The new building was designed by W. M. Gillow and R. Holt in the Edwardian Baroque style, built in red brick with stone dressings at a cost of £15,000 and was completed in 1911. The design involved a symmetrical main frontage with seven bays facing onto Spring Lane with the end bays slightly projected forwards as towers; the central bay, which also slightly projected forward, featured a curved iron balcony and a tall nine-light window on the first floor, flanked by full-height Doric order columns supporting a modillioned segmental pediment containing a keystone and garlands in the tympanum. The left hand tower featured a segmental pediment containing a clock with a dome above, while the right hand tower featured a segmental pediment containing an oculus with a dome above. Internally, the principal room was the council chamber, with a public gallery, on the first floor.

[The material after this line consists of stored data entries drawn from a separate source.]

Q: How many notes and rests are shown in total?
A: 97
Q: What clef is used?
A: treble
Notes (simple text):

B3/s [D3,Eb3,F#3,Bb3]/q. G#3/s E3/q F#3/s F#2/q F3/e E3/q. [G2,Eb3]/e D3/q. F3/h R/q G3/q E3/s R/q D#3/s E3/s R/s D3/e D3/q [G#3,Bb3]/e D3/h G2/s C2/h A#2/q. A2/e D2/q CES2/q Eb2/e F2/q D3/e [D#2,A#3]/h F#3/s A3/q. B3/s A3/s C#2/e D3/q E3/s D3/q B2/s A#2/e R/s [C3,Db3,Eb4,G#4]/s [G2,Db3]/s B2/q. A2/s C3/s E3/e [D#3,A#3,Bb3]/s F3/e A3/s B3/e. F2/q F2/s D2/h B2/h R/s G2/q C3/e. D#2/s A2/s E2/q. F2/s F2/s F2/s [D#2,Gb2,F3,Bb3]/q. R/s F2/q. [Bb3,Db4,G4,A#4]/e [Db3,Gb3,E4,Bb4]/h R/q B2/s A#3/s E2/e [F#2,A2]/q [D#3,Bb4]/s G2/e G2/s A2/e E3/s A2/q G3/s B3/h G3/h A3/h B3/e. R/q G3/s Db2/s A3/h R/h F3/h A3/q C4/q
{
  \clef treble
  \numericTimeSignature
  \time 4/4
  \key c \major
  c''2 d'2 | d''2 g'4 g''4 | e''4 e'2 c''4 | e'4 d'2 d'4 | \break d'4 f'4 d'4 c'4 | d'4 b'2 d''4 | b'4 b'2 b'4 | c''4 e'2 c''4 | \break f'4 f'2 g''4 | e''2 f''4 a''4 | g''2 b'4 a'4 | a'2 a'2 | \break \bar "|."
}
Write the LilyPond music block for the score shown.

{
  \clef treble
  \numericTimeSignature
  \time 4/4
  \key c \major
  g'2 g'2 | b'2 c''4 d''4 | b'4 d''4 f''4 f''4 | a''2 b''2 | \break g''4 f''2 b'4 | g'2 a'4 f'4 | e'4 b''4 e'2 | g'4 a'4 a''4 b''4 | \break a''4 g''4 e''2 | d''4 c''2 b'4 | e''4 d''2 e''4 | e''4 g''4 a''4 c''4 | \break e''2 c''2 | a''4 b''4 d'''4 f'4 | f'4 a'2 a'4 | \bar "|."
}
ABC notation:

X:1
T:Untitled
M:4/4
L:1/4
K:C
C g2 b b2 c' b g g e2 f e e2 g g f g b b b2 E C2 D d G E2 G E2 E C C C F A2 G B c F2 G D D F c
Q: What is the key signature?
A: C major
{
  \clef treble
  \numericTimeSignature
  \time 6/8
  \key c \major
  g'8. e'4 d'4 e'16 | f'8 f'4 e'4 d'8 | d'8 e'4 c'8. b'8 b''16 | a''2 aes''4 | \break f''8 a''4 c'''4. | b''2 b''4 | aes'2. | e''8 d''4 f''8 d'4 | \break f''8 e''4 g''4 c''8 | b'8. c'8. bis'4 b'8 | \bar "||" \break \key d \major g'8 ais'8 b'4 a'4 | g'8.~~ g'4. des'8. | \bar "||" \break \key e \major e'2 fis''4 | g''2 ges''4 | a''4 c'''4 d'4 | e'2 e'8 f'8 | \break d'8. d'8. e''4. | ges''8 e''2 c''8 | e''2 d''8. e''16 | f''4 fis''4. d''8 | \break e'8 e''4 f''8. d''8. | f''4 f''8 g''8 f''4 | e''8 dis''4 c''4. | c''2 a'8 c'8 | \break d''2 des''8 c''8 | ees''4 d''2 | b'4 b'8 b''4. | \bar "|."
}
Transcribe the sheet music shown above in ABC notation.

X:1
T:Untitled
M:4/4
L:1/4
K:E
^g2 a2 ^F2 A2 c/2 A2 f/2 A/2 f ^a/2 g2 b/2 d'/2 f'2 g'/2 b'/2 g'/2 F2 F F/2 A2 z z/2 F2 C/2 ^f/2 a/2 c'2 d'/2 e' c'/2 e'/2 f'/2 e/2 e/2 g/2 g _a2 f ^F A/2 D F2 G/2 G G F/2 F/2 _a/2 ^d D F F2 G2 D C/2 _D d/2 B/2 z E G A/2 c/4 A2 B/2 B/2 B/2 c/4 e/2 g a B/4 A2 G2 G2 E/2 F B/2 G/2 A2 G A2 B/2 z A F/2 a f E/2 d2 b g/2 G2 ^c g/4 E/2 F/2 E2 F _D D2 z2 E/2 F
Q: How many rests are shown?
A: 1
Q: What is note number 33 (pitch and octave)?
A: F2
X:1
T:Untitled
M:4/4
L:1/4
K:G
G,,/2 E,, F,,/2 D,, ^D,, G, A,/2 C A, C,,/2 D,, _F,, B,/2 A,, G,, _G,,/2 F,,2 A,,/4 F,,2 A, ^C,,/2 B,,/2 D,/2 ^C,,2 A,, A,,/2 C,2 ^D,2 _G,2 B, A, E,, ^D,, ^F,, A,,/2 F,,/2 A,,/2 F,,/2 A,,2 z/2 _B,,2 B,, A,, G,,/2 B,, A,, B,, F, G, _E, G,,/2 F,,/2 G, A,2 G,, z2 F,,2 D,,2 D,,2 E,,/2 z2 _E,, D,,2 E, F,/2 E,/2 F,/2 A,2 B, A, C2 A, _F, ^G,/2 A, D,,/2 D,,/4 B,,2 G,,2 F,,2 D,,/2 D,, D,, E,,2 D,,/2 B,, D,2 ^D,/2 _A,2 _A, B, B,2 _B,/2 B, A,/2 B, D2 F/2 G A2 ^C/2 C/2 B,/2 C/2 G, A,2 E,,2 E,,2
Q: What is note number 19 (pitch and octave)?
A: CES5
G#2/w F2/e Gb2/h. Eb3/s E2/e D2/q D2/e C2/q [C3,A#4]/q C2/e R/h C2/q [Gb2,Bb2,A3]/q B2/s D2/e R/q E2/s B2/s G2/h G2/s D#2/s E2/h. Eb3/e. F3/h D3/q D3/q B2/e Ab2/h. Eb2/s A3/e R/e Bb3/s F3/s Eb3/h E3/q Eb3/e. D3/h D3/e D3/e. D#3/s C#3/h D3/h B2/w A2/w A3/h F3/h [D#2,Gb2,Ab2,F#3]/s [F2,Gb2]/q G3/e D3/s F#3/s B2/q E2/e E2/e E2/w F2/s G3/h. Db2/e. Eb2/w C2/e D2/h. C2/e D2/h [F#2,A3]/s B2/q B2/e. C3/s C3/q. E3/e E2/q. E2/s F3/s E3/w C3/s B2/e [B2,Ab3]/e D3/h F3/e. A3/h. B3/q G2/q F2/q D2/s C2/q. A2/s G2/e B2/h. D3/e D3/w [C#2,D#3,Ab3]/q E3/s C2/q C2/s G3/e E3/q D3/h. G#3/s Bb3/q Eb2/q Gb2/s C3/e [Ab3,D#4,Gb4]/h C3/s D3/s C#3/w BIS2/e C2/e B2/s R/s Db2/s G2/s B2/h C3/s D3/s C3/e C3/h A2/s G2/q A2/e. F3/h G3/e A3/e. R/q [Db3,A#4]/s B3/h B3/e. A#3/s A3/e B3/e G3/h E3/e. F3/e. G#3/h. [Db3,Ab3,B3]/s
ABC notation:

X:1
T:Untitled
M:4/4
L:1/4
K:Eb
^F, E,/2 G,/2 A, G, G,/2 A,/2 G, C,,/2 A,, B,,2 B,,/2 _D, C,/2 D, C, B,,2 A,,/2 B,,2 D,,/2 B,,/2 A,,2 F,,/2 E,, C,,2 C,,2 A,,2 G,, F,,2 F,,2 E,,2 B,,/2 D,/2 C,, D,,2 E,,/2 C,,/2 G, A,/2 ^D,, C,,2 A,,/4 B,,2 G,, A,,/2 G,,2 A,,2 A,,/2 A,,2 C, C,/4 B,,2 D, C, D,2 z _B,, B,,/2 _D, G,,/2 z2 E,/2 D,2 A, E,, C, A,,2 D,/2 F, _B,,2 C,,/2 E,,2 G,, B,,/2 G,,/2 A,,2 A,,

A war memorial in the form of an obelisk flanked by bronze statues, which was designed by Sydney March and built by F. M. & H. Nuttall, was unveiled across the road from the town hall on 26 November 1922. The area was advanced to the status of municipal borough with the town hall as its headquarters in 1935. The town hall continued to serve as the headquarters of Radcliffe Borough Council for much of the 20th century, but ceased to be the local seat of government when the enlarged Bury Metropolitan Borough Council was formed in 1974. There was some controversy in 1978 when Bury Council chose not to include the building on a list of 76 local buildings recommended for inclusion on the National Heritage List for England.

The condition of the vacant building deteriorated to such an extent that it was offered for sale for a nominal sum in December 1996. It was acquired by the North British Housing Association in July 1997, and, following conversion, it was reopened as private accommodation for homeless families in February 1999.